To do →
Omitting every picture, copy the lines from the one that contains "Mastiff Easter Eggtravaganza" through the last line of the records below, exactly and with nothing added.

======== Dataset extract

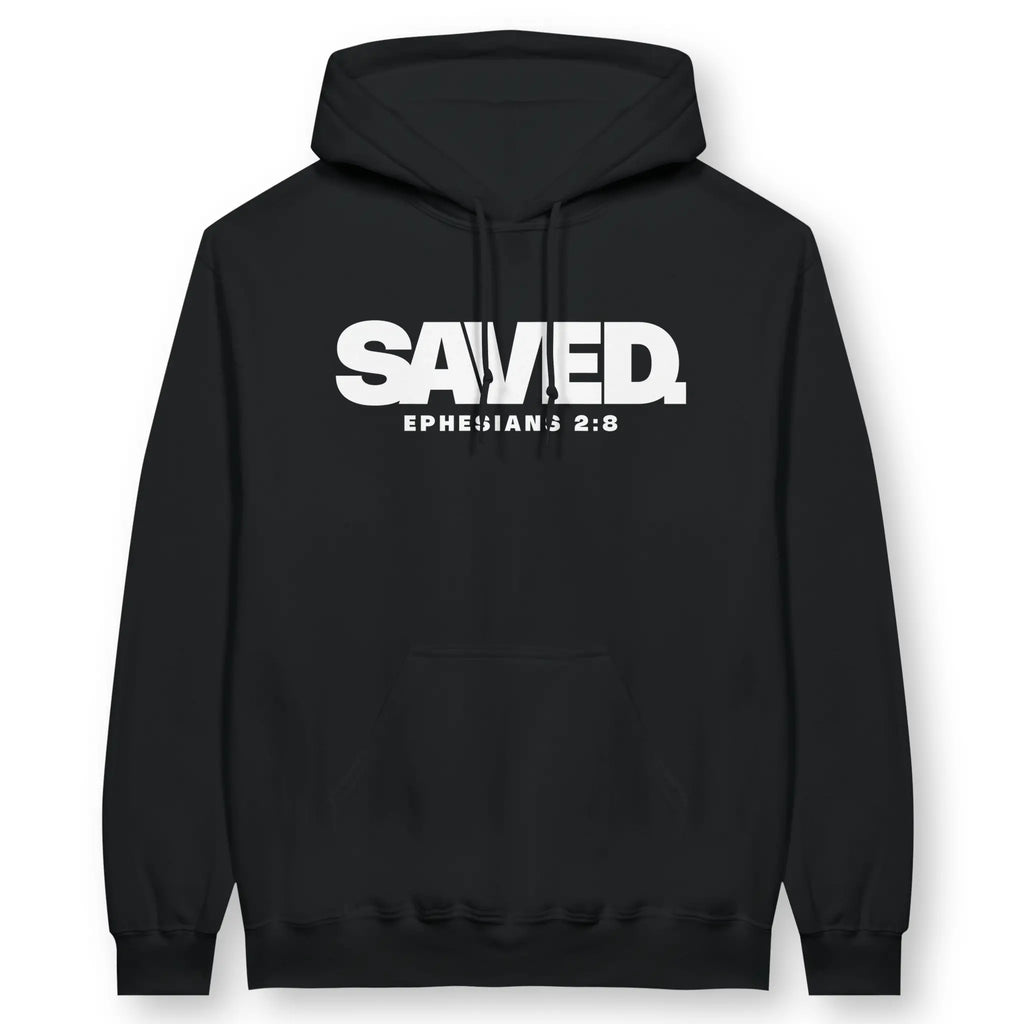 SAVED. (Ephesians 2:8) – Unisex Christian Hoodie designed by 3rd Day Christian Clothing.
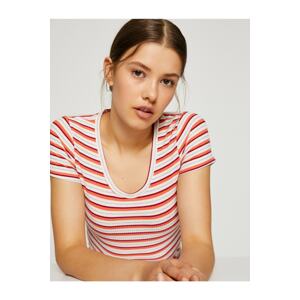 Koton T-Shirt - Red - Slim fit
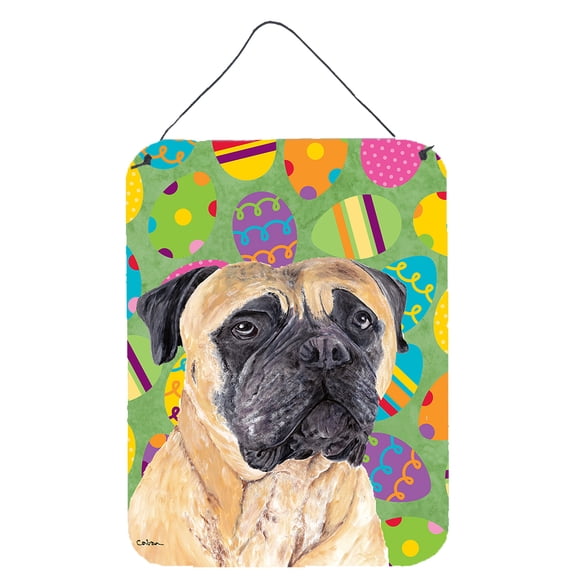 Mastiff Easter Eggtravaganza Aluminium Metal Wall or Door Hanging Prints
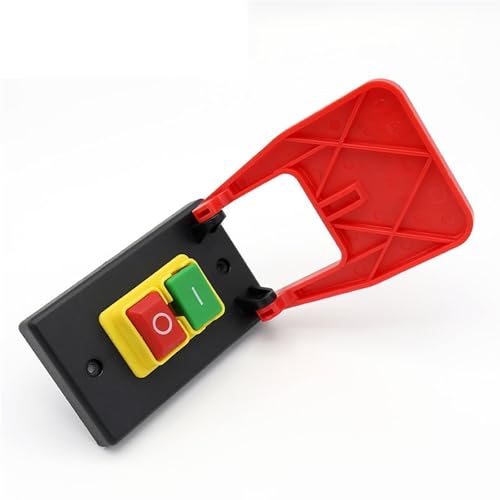 Interruptor de parada de emergencia de 16A y 250V CA con cubierta roja protectora 5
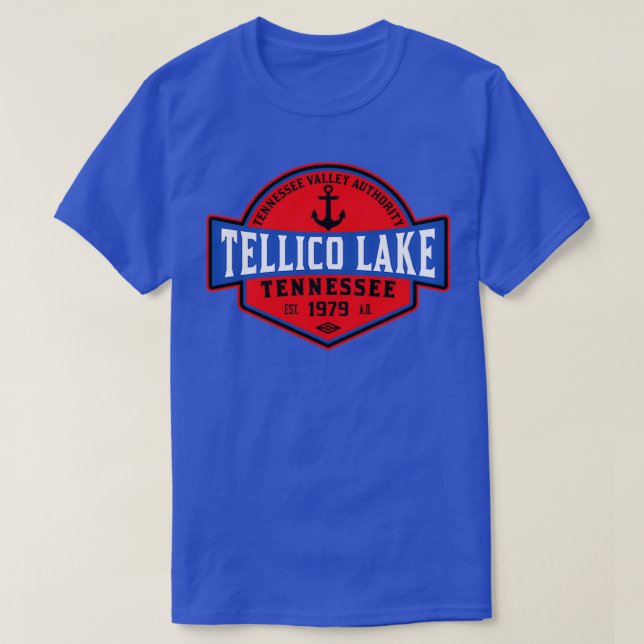 CAMISETA TELLICO LAKE TENNESSEE BOAT BOAT TENNESSEE VALL (Diseño del anverso)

================

Worked solution →
 Mastiff Easter Eggtravaganza Aluminium Metal Wall or Door Hanging Prints
 Interruptor de parada de emergencia de 16A y 250V CA con cubierta roja protectora 5
 CAMISETA TELLICO LAKE TENNESSEE BOAT BOAT TENNESSEE VALL (Diseño del anverso)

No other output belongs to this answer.